Volume 44 Number 6
World Spotlight: A European Approach to Arsenic -- The Globe’s Largest Municipal Reduction Program Under Way in the U.K.
As a naturally occurring chemical found in the Earth’s crust, arsenic (As) is released into drinking water supplies when rocks, minerals and soil erode. Historically, arsenic has been used in metallic form to create alloys (i.e., different metal mixtures) with lead and copper. Plus, arsenic compounds can be used in and to manufacture a range of products such as glass, wood preservatives, metal plating and electronics. Lastly, it’s present as an impurity in coal and oil-based products such as gas, diesel fuel and motor oil. Industrial use of arsenic has declined and its use in agricultural and household pesticides in the United Kingdom is no longer approved.
Arsenic in the UK
Typically, about 10 percent of total arsenic at a water utility is removed from the final effluent before discharge. The largest contributor of arsenic to sewage -- about 40 percent -- is dust and ash washed into street drains from roads and pavement. The total weight of arsenic discharged from houses and businesses in wastewater is about 20 percent of the total. About 30 percent comes from businesses discharging effluent to sewers from processes such as timber treatment using arsenic containing wood preservatives.

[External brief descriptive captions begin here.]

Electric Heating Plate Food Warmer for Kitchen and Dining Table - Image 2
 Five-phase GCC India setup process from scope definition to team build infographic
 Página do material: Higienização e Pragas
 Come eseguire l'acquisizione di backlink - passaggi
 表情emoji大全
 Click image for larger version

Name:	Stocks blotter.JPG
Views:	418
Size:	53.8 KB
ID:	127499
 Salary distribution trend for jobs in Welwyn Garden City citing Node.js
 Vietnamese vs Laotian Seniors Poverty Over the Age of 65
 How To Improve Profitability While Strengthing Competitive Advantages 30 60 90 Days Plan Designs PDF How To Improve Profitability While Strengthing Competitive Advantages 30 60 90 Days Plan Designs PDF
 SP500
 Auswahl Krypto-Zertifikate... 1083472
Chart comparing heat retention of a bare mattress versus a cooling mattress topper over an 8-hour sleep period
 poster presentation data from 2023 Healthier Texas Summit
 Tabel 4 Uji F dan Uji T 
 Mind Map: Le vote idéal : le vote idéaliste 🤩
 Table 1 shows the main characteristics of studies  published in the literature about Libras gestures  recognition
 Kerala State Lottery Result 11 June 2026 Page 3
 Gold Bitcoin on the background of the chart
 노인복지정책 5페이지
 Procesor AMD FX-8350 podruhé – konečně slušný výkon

The most common forms of arsenic found in drinking water supplies are trivalent arsenite (As III) and pentavalent arsenate (As V). Drinking water contaminated with either form of arsenic is the most common medium for human exposure to this dangerous chemical. Studies have linked long-term exposure to arsenic contamination with cancer of the bladder, lungs, skin, kidney, nasal passages, liver and prostate. Non-cancerous effects of arsenic contamination include cardiovascular, pulmonary, immunological, neurological and endocrine effects.
Since 1958, the World Health Organization (WHO) has been involved in offering guidelines for setting drinking water standards. During that initial year, the WHO put forth the International Standards for Drinking Water establishing 200 micrograms per liter (mg/L) as an allowable concentration for arsenic levels. Having re-evaluated the standard in 1963 and reducing the allowable concentration to 50 mg/L in 1984, the WHO settled on a final provisional guideline of 10 mg/L in 1993. During a revision to the European Union (EU) Drinking Water Directive in 1998, the WHO provisional guideline was accepted by the EU. The 10 mg/L maximum contaminant level will become a statutory requirement in the United Kingdom on Dec. 25, 2003.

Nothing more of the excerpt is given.